シンポジウムでは、全高長関係者のほか、文科省高等教育局大学入試室の錦泰司室長、大学入試センター新テスト実施企画部の辻直人部長、実施団体として英検協会、TOEFLテスト日本事務局、日本ケンブリッジ英検機構、IELTS(アイエルツ)を実施するブリティッシュ・カウンシルの担当者が登壇した。萩原会長によると、GTECを実施するベネッセコーポレーションは「5月に発表した内容を超えて説明できることはない」と不参加を表明した。東京都立八王子東高校の宮本久也校長が進行役を務めた。

席上、文科省の錦泰司室長がまず、政府の対応について、「全高長の2度にわたる要望書を重く受け止め、不安解消に取り組んできた」と説明した。

これに対し、シンポジストとして登壇したNHK解説委員の西川龍一氏は「本来の目的がなおざりになり、『やらなければいけない』という意識で進めているのでは」と問題提起。「準備期間がないのが最大の問題だ。文科省はこれまでに立ち止まって考えるべき時が何度もあった。文科省、入試センター、大学は互いに責任を押し付けあっている」と指摘した。

宮本校長は続けて実施団体に「全高長に寄せられた校長からの質問として、最も多かったのは『希望する全員が受験できるのか』だった」と投げ掛けた。各団体の担当者はいずれも「文科省が昨年度実施した調査で示された人数は全員受験できる」と回答した。

これに対し、宮本校長は「さまざまなことが分からない時点で実施された文科省の人数調査を、現場は『あてにならない』と考えている。また、公表が遅れているのは会場確保に苦労しているからだという声も多い」と懸念を表明。英検協会以外の実施団体は「11月1日までに詳細を公表する」と述べ、英検協会は「予約申し込みに応じて確保できるとみている」と応じた。

萩原校長は、現在の高校3年生の扱いについて多くの高校が悩みを抱えているとして、「精神的に厳しい時期にある生徒に『不合格だったときのために』と共通IDを取らせることは難しい。現時点ではどのようなスケジュールになっているのか」と質問。入試センターの辻部長は「12月2~10日に学校単位で申し込めば、2月中旬に発行できる見通しだ」と応えた。

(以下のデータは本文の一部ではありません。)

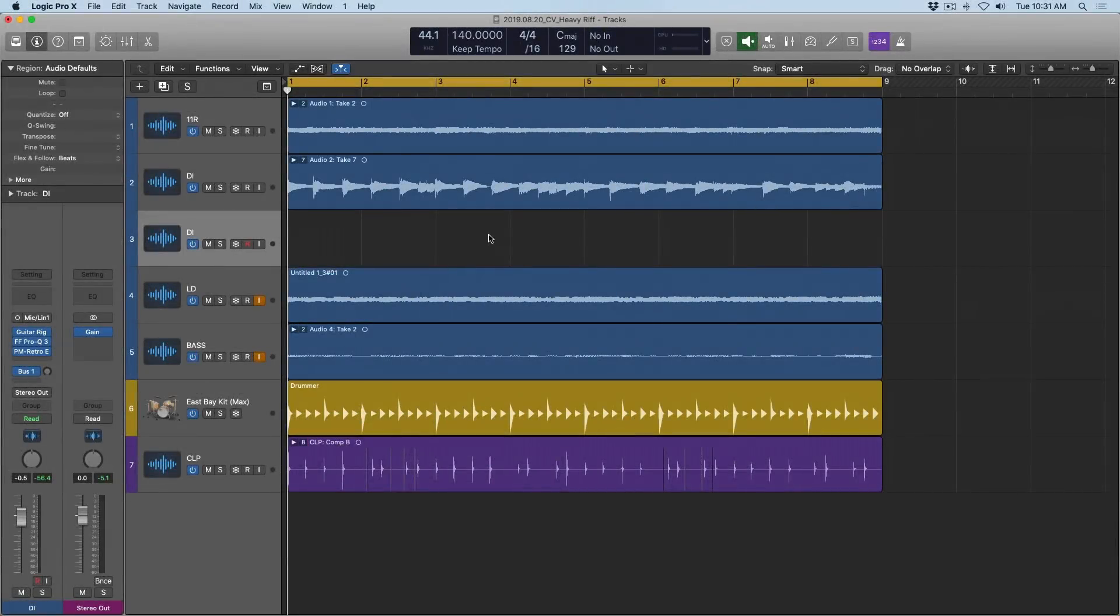Hey friends, Chris Vandeviver here from WhyLogicProRules.com, the website that helps you get the most you can out of Apple's Logic Pro 10.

萩原校長は続けて実施団体に「2月中旬の時点で共通IDを持たない現高3生は、英語民間試験を申し込めないのか」と投げ掛けると、団体側は「後からIDを登録するシステムは想定していない」と回答。萩原校長が「2月中旬ではまだ現高3生は受験の真っ最中だ。3月中旬の申し込みで英語民間試験は受けられないのか」と重ねて尋ねると、団体側は「受験できる」と答えた。

全高長で大学入試対策委員長を務める都立世田谷泉高校の石崎規生校長は「文科省が昨年、各自治体に『公共施設を会場として使用できるようにしてほしい』と依頼した際には、『公民館などを想定しており、高校を会場として提供してほしいということではない』との説明があった」と水を向けると、文科省の錦室長は「団体から借用依頼があった場合は学校も対応してほしい」と回答。

これを受け、石崎校長は「ベネッセコーポレーションは当初、高校は使用しないとしていたが、その後『高校も会場にする』と変更し、『自校を希望する受験者を優先させる』と説明した。ケンブリッジ英検やTOEFLも高校を会場とする。これは不公平にあたるのではないか」と指摘した。

文科省の錦室長は「高校生にとってアクセスしやすい会場であることを重視している」と具体的な対応について言及を避けると、会場の校長から異を唱える声が上がった。